Monkeypox is a viral infection that most people shrug off. There are two forms. The more serious is the central African or Congo strain. The latest cases involve the milder west Africa strain. Data from Africa suggest about 1% of people with cases die. The concern is less around the impact on healthy people, but on the vulnerable – those with weakened immune systems, for example – and on the virus spreading in healthcare settings.

Despite its name – the virus was first detected in macaques – most human cases of monkeypox are believed to come from contact with other infected animals, such as rodents. Historically, transmission between humans has been limited – infections sometimes spread in homes but soon fizzle out.

The virus spreads through large respiratory droplets, calling for prolonged or frequent face-to-face contact, or contact with body fluids such as saliva, or skin lesions, either directly or through contaminated sheets, towels and other items.

A week after confirming the first patient, the UKHSA reported two more in a family in London, with no links to the first case. The announcement on Saturday 14 May was “crucial” according to one doctor, because it carried images of monkeypox lesions. These were seen by specialists struggling to diagnose patients with unexplained rashes at sexual health clinics. They immediately sent swabs to Porton Down, which confirmed the cases as monkeypox. On the Monday, the health agency confirmed four more cases, all men who have sex with men and appeared to have caught the virus in London.

The increase in mostly unrelated cases prompted the UK’s chief medical officers to send immediate advice to healthcare workers via the NHS central alerting system. It called on providers to ensure they had sufficient PPE to assess and treat patients and noted that the smallpox vaccine, Imvanex, offered some protection against monkeypox if given soon after exposure. The vaccine is already being offered to healthcare workers and contacts of cases at high risk of infection, and the Department of Health has secured thousands of doses in case the outbreak grows.

The alert put the spotlight on men who have sex with men (MSM), and a flurry of cases have since been confirmed, pointing to spread in sexual networks. While public health experts rush to contain the outbreak, they warn against focusing on any particular group. “This could easily have popped up in a different context,” said one senior specialist in sexual health. “The MSM phenomena may well have been a very quick way to have drawn our attention to there being skin-to-skin transmission in the community.”
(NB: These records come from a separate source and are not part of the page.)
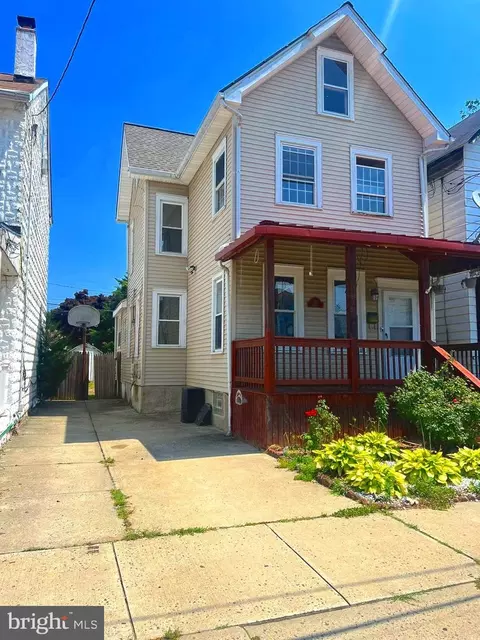254 Lafayette Ave, Hamilton, NJ 08610
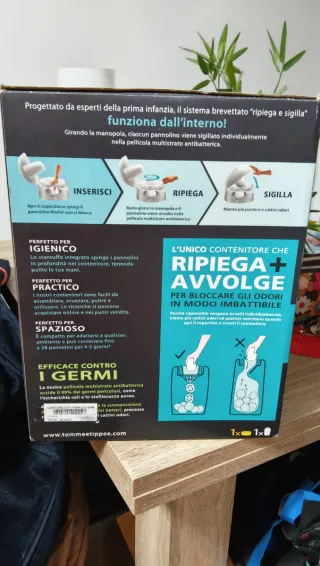 Papelera de pañales blanca y gris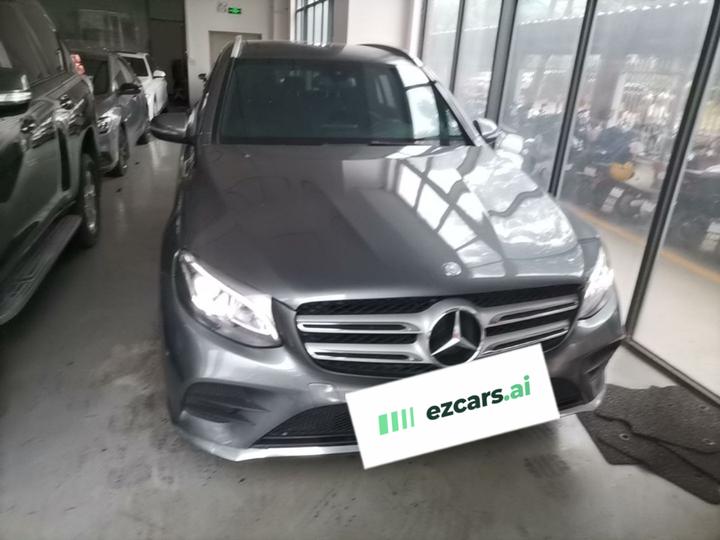 GLC 2017 GLC 260 4MATIC Dynamic photo 2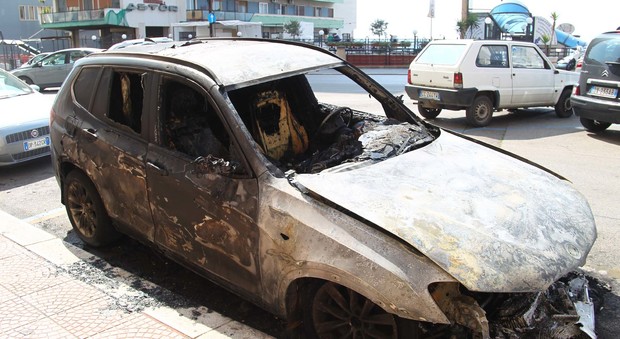 Avvertimento di fuoco nella notte: incendiata l'auto di un giornalista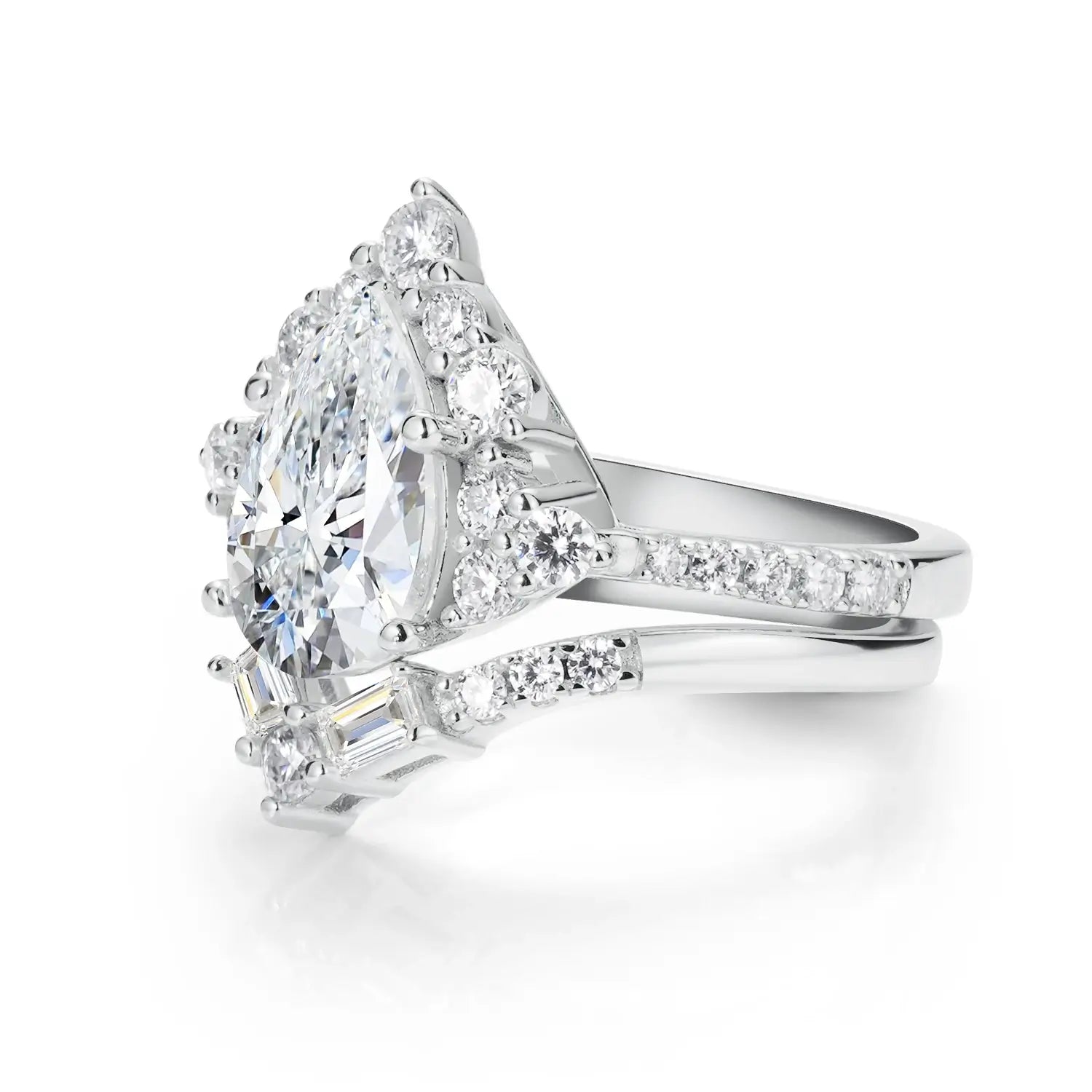 Luxury Style Pear Cut Moissanite Diamond Engagement Ring Bridal Ring Set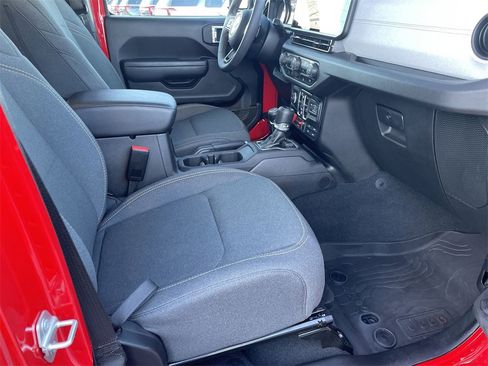 Used 2024 Jeep Gladiator Sport image 33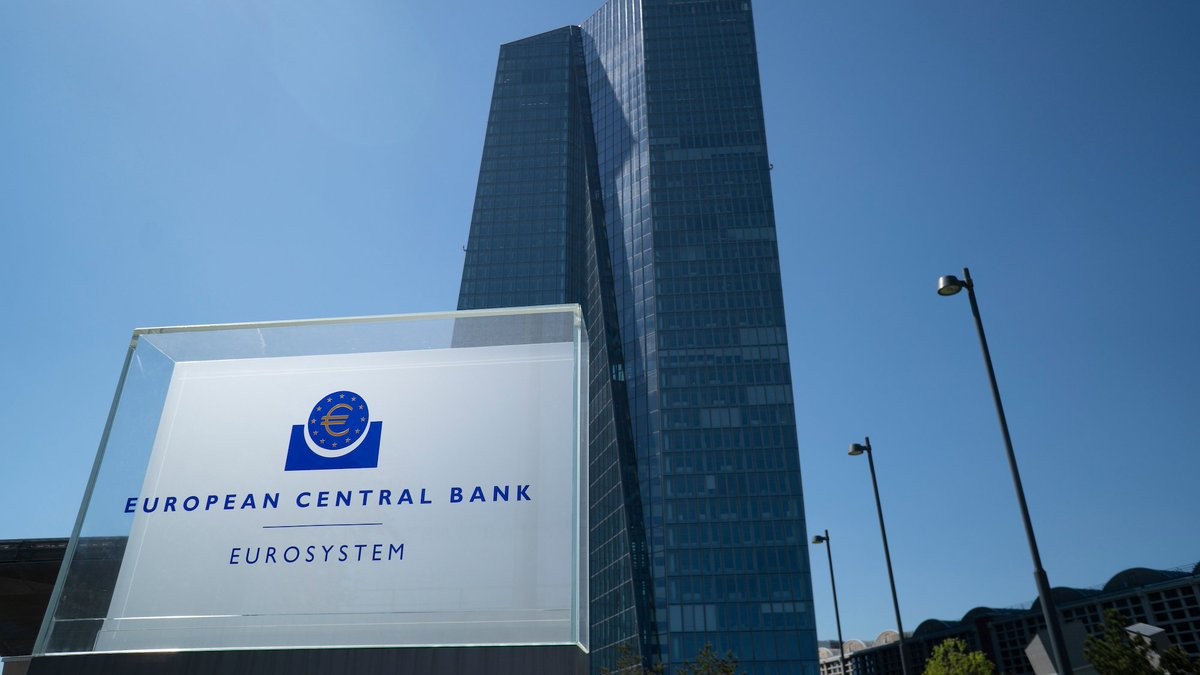 ЕЦБ повиши основните лихви с 50 базисни пункта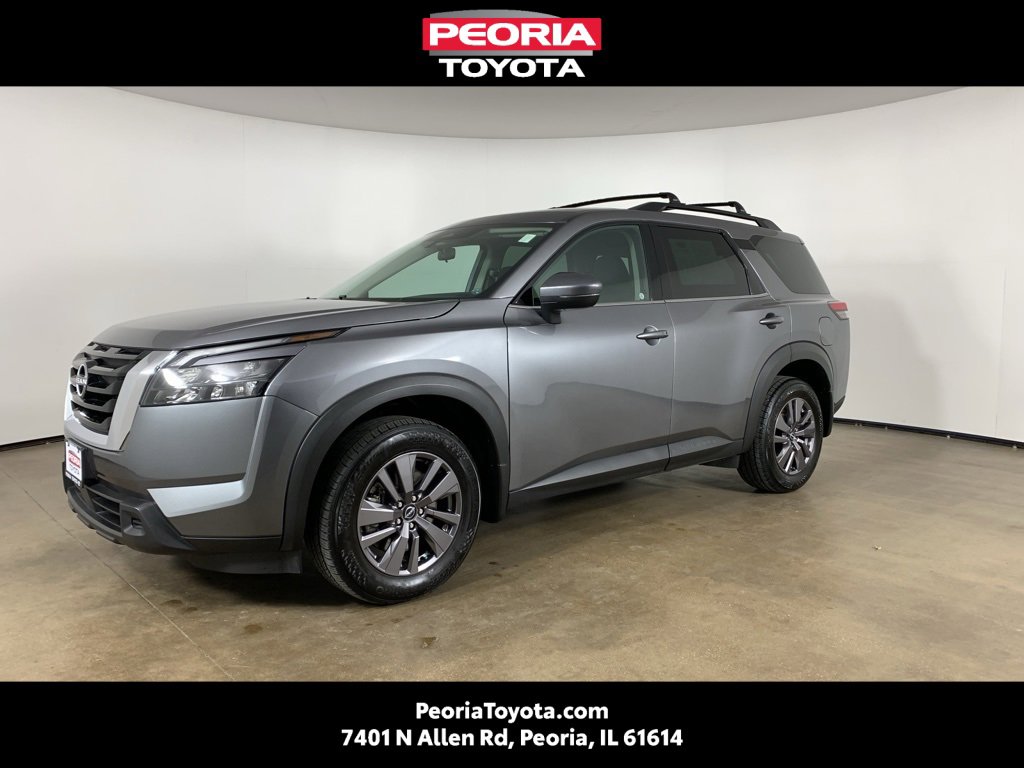 Used 2023 Nissan Pathfinder SV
Asked why most cases are in men who have sex with men, Sir Ali Zumla, professor of infectious diseases and international health at University College London, urged people to avoid any “prejudicial, unfair and stigmatising” focus on the group. He said clusters of monkeypox could occur in any group in close contact with infected people. It was “highly unlikely” the clusters were due to any change in the virus, he added.

Dr Meera Chand, director of clinical and emerging infections at the UKHSA, said “everyone” should be alert to monkeypox symptoms. “If you notice any unusual rashes or lesions consistent with monkeypox, please contact NHS 111 or a sexual health service, calling ahead before your visit. A notable proportion of recent cases in the UK and Europe have been found in gay and bisexual men, which is why we are particularly encouraging them to be alert to the symptoms. We are working to trace contacts of cases and offering vaccination where appropriate, and meanwhile we are rapidly investigating how the virus is transmitting to understand why we are seeing this unusual outbreak.”